Response to Alexander Shen's note "On the likelyhood for finite mixture models and Kirill Kalinin’s paper “Validation of the Finite Mixture Model Using Quasi-Experimental Data and Geography”"

Keywords:
finite mixture model

Alexander Shen writes, "the expression being maximized, considered as a function of \(f_0, f_i, f_e\), is a linear function on the triangle \(f_0 + f_i + f_e = 1, f_0; f_i; f_e \geq 0\)." The expression being maximized (from [5]) is not a function of \(f_0\), \(f_i\) and \(f_e\). These "probabilities" are functions of the likelihood and so depend on all the other parameter estimates. For example, when both "incremental" and "extreme" frauds are included the **R** code that implements the method, which follows [2, 1, 6, 4], iteratively evaluates the following until stable, maximizing values for the likelihood are found:

\(F = (1-f_{\mathrm{i}}-f_{\mathrm{e}})F_0 + f_{\mathrm{i}}F_I + f_{\mathrm{e}}F_E \)

\(h_0 = (1-f_{\mathrm{i}}-f_{\mathrm{e}})F_0/F \)

\( h_I = f_{\mathrm{i}}F_I/F \)

\(h_E = f_{\mathrm{e}}F_E/F \)

\(f_{\mathrm{i}} = \text{mean}(h_I) \)

\(f_{\mathrm{e}} = \text{mean}(h_E)\)

where \(F_0\), \(F_I\) and \(F_E\) are vectors of length \(n\) (the number of observations) that have the observation-specific likelihoods as elements. \(h_0\), \(h_I\) and \(h_E\) are also vectors of length \(n\), and \(F_0/F\), \(F_I/F\) and \(F_E/F\) are evaluated elementwise. The likelihood value actually maximized is \(\sum_{i=1}^n(\log(h_0F_0 + h_IF_I + h_EF_E))\) where \(h_0F_0\), \(h_IF_I\) and \(h_EF_E\) are elementwise products. Shen's "triangle" argument does not apply.
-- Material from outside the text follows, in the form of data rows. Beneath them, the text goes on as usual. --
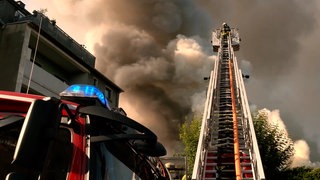 Großbrand in Bochum-Linden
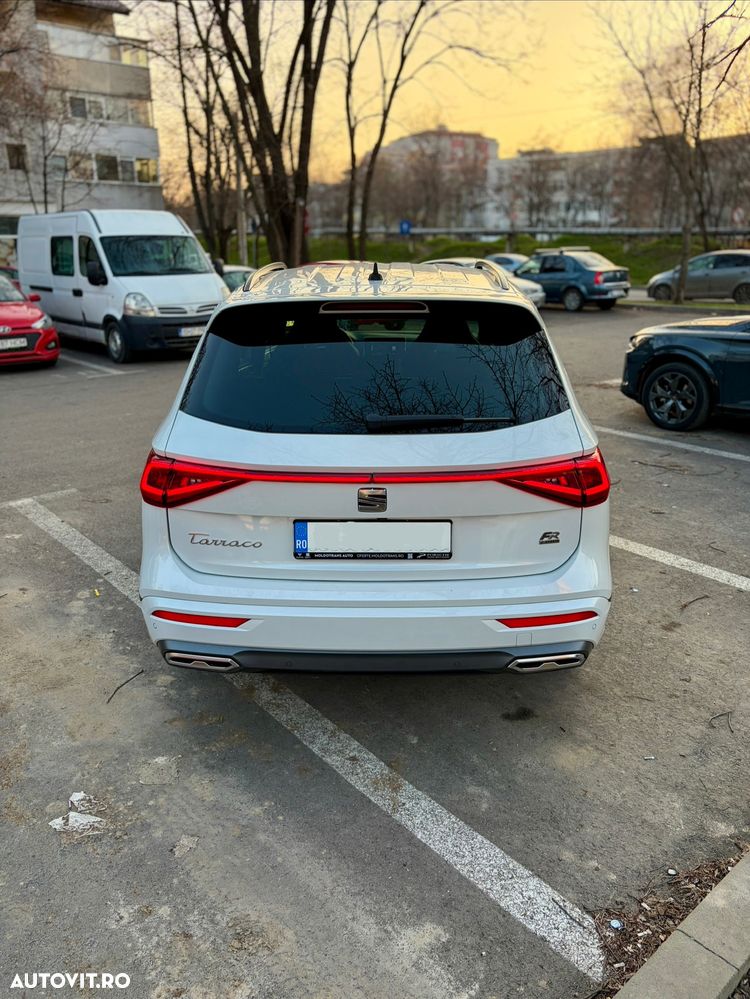 SEAT Tarraco 2024 — imagine 7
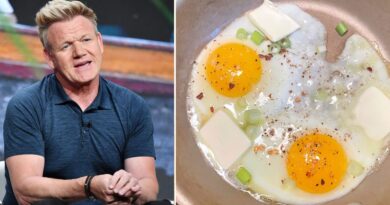 I tried Gordon Ramsay's easy hack for making the best eggs, and my breakfast came out perfect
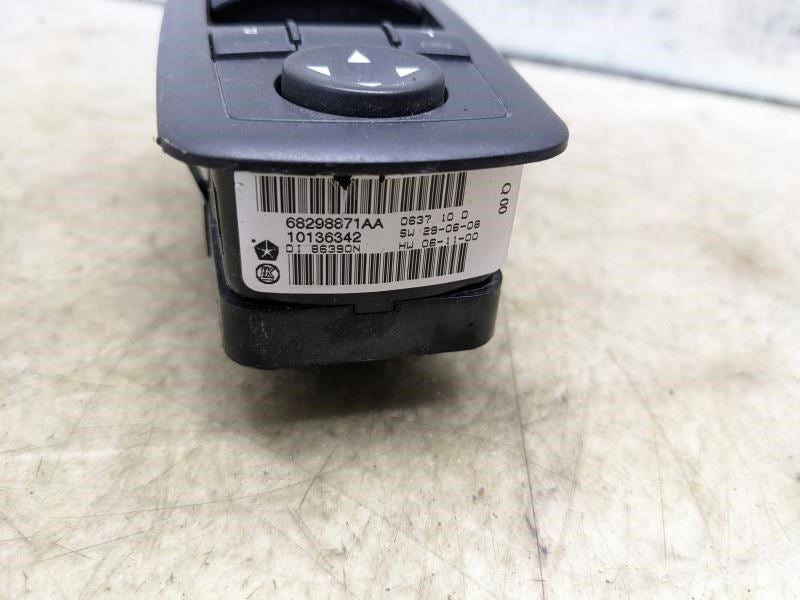 2012-2020 Dodge Grand Caravan FR LH Master Power Window Switch 68298871AA OEM - Alshned Auto Parts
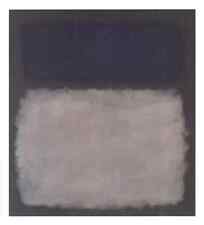 Mark Rothko, Blue and Gray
Results from the model of [5] differ from results produced by the algorithm of [3] in part because [3] describes a Monte Carlo simulation method not a statistical estimation method based on any kind of likelihood or probability specification.

*Received 02.07.2018.*

- Dempster A.P., Laird N.M., Rubin D.B. Maximum likelihood from incomplete data via the em algorithm. – Journal of the Royal Statistical Society. Series B (Methodological). 1977. V. 39. No. 1. P. 1–38.
- Hasselblad V. Estimation of finite mixtures of distributions from the exponential family. – Journal of the American Statistical Association. 1969. V. 64. No. 328. P. 1459–1471.
- Klimek P., Yegorov Y., Hanel R., Thurner S. Statistical detection of systematic election irregularities. – Proceedings of the National Academy of Sciences. 2012. V. 109. No. 41. P. 16469–16473.
- McLachlan G., Peel D. Finite Mixture Models. New York: Wiley, 2000.
- Mebane W.R., Jr. Election forensics: Frauds tests and observation-level frauds probabilities. – Paper presented at the 2015 Annual Meeting of the Midwest Political Science Association, Chicago, April 7–10, 2016, 2016.
- Wu C.F.J. On the convergence properties of the em algorithm. – Annals of Statistics. 1983. V. 11. No. 1. P. 95–103.